4

So for a single word substring count in some text, I can use some_text.split().count(single_word_substring). How can I do that for a multi-word substring count in some text?

Examples:

text = 'he is going to school. abc is going to school. xyz is going to school.'
to_be_found = 'going to school'

count should be 3.

text = 'he is going to school. abc is going to school. xyz is going to school.'
to_be_found = 'going to'

count should be 3.

text = 'he is going to school. abc is going to school. xyz is going to school.'
to_be_found = 'go'

count should be 0.

text = 'he is going to school. abc-xyz is going to school. xyz is going to school.'
to_be_found = 'school'

count should be 3.

text = 'he is going to school. abc-xyz is going to school. xyz is going to school.'
to_be_found = 'abc-xyz'

count should be 1.

Assumption 1: Everything is lower-case. Assumption 2: The text can contain anything. Assumption 3: The to be found can contain anything too. For example, car with 4 passengers, xyz & abc, etc.

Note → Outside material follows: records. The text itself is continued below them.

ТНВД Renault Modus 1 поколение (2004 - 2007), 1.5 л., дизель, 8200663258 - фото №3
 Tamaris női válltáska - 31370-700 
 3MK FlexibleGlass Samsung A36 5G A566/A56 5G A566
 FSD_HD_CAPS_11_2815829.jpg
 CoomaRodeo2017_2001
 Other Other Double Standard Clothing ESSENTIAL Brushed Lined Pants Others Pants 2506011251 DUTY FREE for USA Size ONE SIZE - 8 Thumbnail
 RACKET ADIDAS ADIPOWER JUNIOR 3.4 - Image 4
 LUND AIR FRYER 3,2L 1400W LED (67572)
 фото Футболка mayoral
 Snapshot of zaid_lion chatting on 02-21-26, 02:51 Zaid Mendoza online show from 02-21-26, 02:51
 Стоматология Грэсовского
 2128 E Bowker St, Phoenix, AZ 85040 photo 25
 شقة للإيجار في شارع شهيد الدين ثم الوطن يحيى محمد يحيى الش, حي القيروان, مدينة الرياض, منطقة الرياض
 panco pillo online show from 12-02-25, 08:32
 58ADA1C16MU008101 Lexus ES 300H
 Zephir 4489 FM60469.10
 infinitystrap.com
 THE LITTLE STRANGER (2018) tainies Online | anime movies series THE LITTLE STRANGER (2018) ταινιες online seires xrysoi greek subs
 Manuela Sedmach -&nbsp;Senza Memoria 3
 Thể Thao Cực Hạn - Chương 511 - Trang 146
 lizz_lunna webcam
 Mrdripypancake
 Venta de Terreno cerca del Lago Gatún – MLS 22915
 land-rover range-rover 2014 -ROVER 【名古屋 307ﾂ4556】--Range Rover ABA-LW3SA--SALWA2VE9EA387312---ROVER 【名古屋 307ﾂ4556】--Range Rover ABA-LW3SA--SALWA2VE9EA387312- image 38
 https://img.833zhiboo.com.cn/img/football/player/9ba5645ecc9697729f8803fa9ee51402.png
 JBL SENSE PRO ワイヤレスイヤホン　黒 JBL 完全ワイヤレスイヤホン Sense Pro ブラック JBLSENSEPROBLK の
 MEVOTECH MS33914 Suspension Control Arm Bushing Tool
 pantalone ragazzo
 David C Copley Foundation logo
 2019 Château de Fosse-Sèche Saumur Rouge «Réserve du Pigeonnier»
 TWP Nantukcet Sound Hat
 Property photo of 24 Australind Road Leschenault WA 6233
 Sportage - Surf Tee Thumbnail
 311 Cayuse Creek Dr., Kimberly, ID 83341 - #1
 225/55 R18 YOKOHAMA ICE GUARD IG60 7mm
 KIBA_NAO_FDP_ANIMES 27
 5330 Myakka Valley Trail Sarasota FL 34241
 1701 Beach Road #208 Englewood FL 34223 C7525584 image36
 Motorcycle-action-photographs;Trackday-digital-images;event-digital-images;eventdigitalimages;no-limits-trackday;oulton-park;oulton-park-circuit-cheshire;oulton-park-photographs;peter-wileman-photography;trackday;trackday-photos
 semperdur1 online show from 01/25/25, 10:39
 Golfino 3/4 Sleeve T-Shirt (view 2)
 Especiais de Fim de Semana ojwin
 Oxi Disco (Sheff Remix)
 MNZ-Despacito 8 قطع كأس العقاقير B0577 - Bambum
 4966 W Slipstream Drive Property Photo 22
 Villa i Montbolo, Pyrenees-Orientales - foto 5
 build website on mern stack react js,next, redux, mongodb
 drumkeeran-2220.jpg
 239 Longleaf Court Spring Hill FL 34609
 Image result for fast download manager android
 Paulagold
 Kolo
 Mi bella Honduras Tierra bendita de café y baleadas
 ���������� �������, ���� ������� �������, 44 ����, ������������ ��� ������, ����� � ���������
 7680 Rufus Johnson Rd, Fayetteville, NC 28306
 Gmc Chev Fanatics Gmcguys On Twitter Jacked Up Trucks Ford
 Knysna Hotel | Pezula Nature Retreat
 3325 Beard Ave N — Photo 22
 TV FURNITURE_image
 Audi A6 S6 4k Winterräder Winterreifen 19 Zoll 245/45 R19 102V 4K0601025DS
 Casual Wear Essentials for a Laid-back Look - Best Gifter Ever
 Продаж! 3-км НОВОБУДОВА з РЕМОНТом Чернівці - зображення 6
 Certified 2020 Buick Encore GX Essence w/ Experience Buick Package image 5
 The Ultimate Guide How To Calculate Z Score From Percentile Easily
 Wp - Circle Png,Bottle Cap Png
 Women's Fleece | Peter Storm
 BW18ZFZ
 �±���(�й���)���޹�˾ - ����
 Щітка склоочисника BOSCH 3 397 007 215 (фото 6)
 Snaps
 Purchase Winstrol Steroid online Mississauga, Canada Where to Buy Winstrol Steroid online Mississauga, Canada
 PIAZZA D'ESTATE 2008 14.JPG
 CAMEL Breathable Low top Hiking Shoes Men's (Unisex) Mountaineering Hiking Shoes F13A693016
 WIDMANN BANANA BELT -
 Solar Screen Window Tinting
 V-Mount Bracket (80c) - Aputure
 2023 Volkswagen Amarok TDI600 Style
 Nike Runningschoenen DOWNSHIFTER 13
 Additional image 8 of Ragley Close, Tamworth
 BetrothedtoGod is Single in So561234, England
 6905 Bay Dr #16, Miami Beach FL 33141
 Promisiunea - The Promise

NOTE: REGEX based solutions are acceptable. I am just curious if it's possible without regex (nice to have and just for others who may be interested in this in future).

utengr
  • 3,225
  • 3
  • 29
  • 68
  • 1
    Have you tried using [`re.findall`](https://docs.python.org/3/library/re.html#re.findall)? – kingkupps Jan 27 '21 at 22:20
  • 1
    Perhaps `re.findall(fr'\b{to_be_found}\b', text)` and take the `len` of the result? – Nick Jan 27 '21 at 22:21
  • This works but seems to a bit slower. Maybe you should add as an answer so I can accept it. It could be useful for other OPs. – utengr Jan 27 '21 at 22:32
  • I have an answer with rexeg but I took it down because you said you are not looking for regex option? Should I put it back or no? – Jakub Szlaur Jan 27 '21 at 22:36
  • Currently I am working on answer without the regex module ... – Jakub Szlaur Jan 27 '21 at 22:36
  • Both are acceptable answers (with/with out regex). I couldn't figure one out without regex so I am interested in that one more but for community, both should be there. – utengr Jan 27 '21 at 22:40
  • considering special characters like full-stop as part of word makes it tricky to handle without regex. It is doable, but not worth it when compared to regex based solution already shared above – Moinuddin Quadri Jan 27 '21 at 22:44
  • @Anonymous In to be found, full stop is not part of the string in this example. However, the main text can contain anything. To be found can also contain special characters such as & or -. – utengr Jan 27 '21 at 22:48
  • I also just tested re.findall(fr'\b{to_be_found}\b', text) with to be found = 'school." and it returns only 1 whereas it should return 3. – utengr Jan 27 '21 at 22:53
  • 1
    My comment is about first sentence `"he is going to school. abc is going to school."`. You need exact match of the `to_be_found` instead of just substring match, but you want to consider `.` as optional. Splitting the string to words will consider `.` as part of, `shool.` and won't be consider for exact match when done with `school`. One way to handle is to remove all special characters in the string. But doing so without regex will require iteration on your entire string (one char at a time). Then you can `str.count()` on ` to_be_found`. – Moinuddin Quadri Jan 27 '21 at 22:54
  • 1
    all this is not worth it when you can achieve it with `re.findall()`. Regarding your last comment, you need to replace `.` with `\.` in regex expression, i.e `school\.`, as single `.` has special meaning in regex – Moinuddin Quadri Jan 27 '21 at 22:57
  • @Anonymous Oh got it now, thanks for the explanation. You are right, it gets complicated without regex. The original text contains lots of such special symbols connected to words so I guess it may not be possible without regex. – utengr Jan 27 '21 at 22:58
  • 2
    it is possible, but not optimal – Moinuddin Quadri Jan 27 '21 at 22:59
  • @utengr the suggestion I made won't work for something like `school.` as there is no word boundary at the end. – Nick Jan 27 '21 at 23:07
  • @Nick you should add your answer so I can accept it since the rest of the answers are not what I am looking for. – utengr Jan 29 '21 at 10:24
  • @utengr but my answer will not work for `school.`. – Nick Jan 29 '21 at 12:14

4 Answers4

1

Here's a working solution using regex:

import re

def occurrences(text,to_be_found):
    return len(re.findall(rf'\W{to_be_found}\W', text))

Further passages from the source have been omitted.